What the task asks: Transcribe the data below in full, exactly.
[[ Data, beginning ]]
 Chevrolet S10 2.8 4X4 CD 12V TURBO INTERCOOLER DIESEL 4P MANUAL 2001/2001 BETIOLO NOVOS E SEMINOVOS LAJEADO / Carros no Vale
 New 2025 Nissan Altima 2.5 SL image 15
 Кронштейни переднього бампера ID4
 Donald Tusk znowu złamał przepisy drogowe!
[[ Data, end ]]
Exercise solution:
 Chevrolet S10 2.8 4X4 CD 12V TURBO INTERCOOLER DIESEL 4P MANUAL 2001/2001 BETIOLO NOVOS E SEMINOVOS LAJEADO / Carros no Vale
 New 2025 Nissan Altima 2.5 SL image 15
 Кронштейни переднього бампера ID4
 Donald Tusk znowu złamał przepisy drogowe!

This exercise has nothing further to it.